[PATCH 0/2] RISC-V: Better support for long instructions (64 < x <= 176 [bits])

Tue Nov 22 00:43:15 GMT 2022

On Sat, Nov 19, 2022 at 3:11 PM Tsukasa OI <research_trasio@irq.a4lg.com> wrote:
>
> Hello,
>
> Commit bb996692bd96 ("RISC-V/gas: allow generating up to 176-bit
> instructions with .insn") was suddenly merged into master by Jan Beulich.
> Although this encoding is not considered frozen (see the section "Expanded
> Instruction-Length Encoding" in the ISA Manual), such attempt makes sense.
>
> However, it was insufficient in some ways.  I quickly found a stack-based
> buffer overflow and fixed that.  Besides that, I found following issues
> related to long (assembler: ".insn"-based, disassembler: unrecognized)
> instructions:
>
>
>
> [Assembler: False "value conflicts with instruction length" error]
>
>     .insn 22, 0xfedcba98765432100123456789abcdef55aa33cc607f
>                 ^^^^^^^^^^^^^^^^^^^^^^^^^^^^^^^^^^^^^^^^^^^^
>                 44 hexadecimal digits (22 bytes)
>
> GAS successfully compiles this (0x607f is one of the 2-byte prefixes of
> 22-byte instructions).  However, it fails on following examples.
>
>     .insn 22, 0xfedcba98765432100123456789ab607f
>                 ^^^^^^^^^^^^^^^^^^^^^^^^^^^^^^^^
>                 32 hexadecimal digits (16 bytes)
>
> with following error:
>
>     a.s: Assembler messages:
>     a.s:1: Error: value conflicts with instruction length `22,0xfedcba98765432100123456789ab607f'
>
> This is not good.  Yes, the value is 16 bytes but upper 6-bytes of a 22-byte
> instruction could be just zeroed out.  It should be valid just like:
>
>     .insn 22, 0x607f
>
> This is a testcase from insn.s and current GAS can handle this.  The only
> reason which the example above fails is, the 16-byte constant is handled as
> O_big (a big number).  The root cause of this is:
>
>     if (bytes != imm_expr->X_add_number * CHARS_PER_LITTLENUM)
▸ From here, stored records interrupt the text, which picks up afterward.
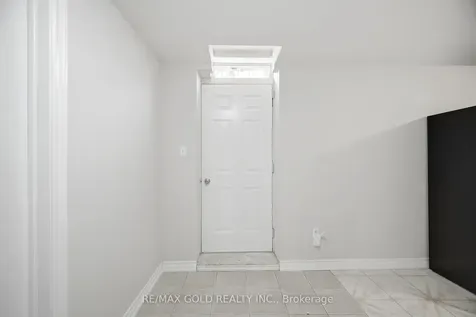 26 Gorevale Drive Brampton ON L6P 1N9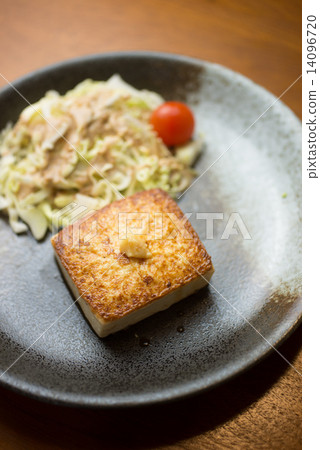 豆腐牛排 14096720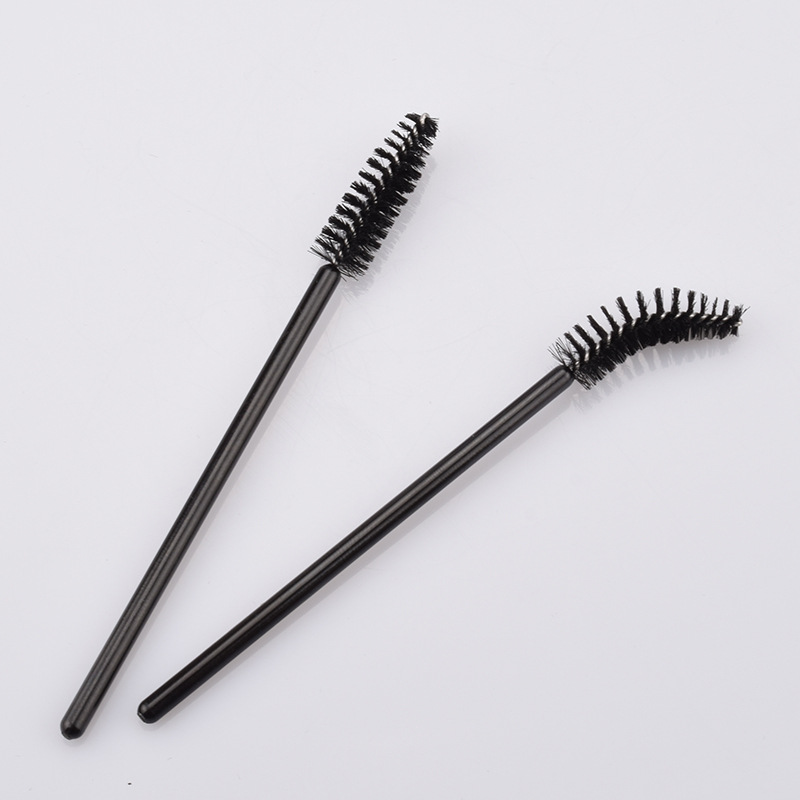 Factory direct sales of disposable false eyelash brushes, eyebrow brushes, spiral eyelash brushes and nylon eyelash curling combs Application Scenario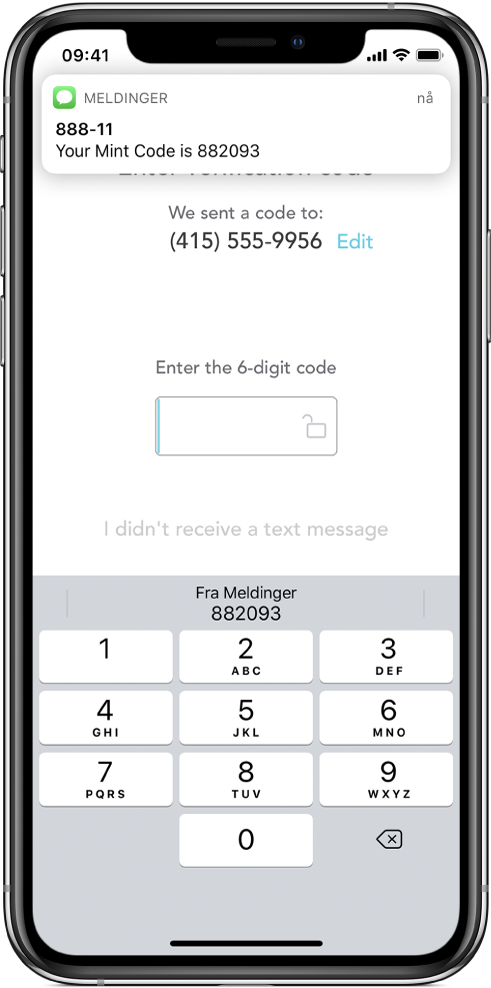 En iPhone-skjerm for en app som ber om en sekssifret kode. Appskjermen viser en melding om at koden er sendt. En varsling fra Meldinger-appen vises øverst på skjermen med meldingen «Mint-koden er 882093». Tastaturet vises nederst på skjermen. Over tastaturet vises tegnene «882093».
>       return _("value conflicts with instruction length");
>
> where:
>
>     bytes                  : Expected instruction length
>     imm_expr->X_add_number : MINIMUM Number of entries (of generic_bignum)
>                              required to represent a big number.
>                              Non-zero if O_big.
>     CHARS_PER_LITTLENUM    : A big number is represented as an array of
>                              little numbers (current GAS: unsigned short).
>                              This is the number of chars of a little number.
>
> That means, if a big number can be represented with different bytes as
> expected, ".insn" fails with "value conflicts with instruction length".
>
> Replacing this with:
>
>     if (bytes < imm_expr->X_add_number * CHARS_PER_LITTLENUM) /* == -> <  */
>       return _("value conflicts with instruction length");
>
> would resolve this problem on the current GAS but this depends on how
> the big numbers are represented.  If big number changes its base type
> (such as 2^32), it will stop working.
>
> My solution (on PATCH 2/2) is much complex.  It computes exact bytes
> required to repsent a big number and fails only if number of represented
> bytes exceeds expected number of bytes.
>
>     unsigned int llen = 0;
>     for (LITTLENUM_TYPE lval = generic_bignum[imm_expr->X_add_number - 1]; lval != 0; llen++)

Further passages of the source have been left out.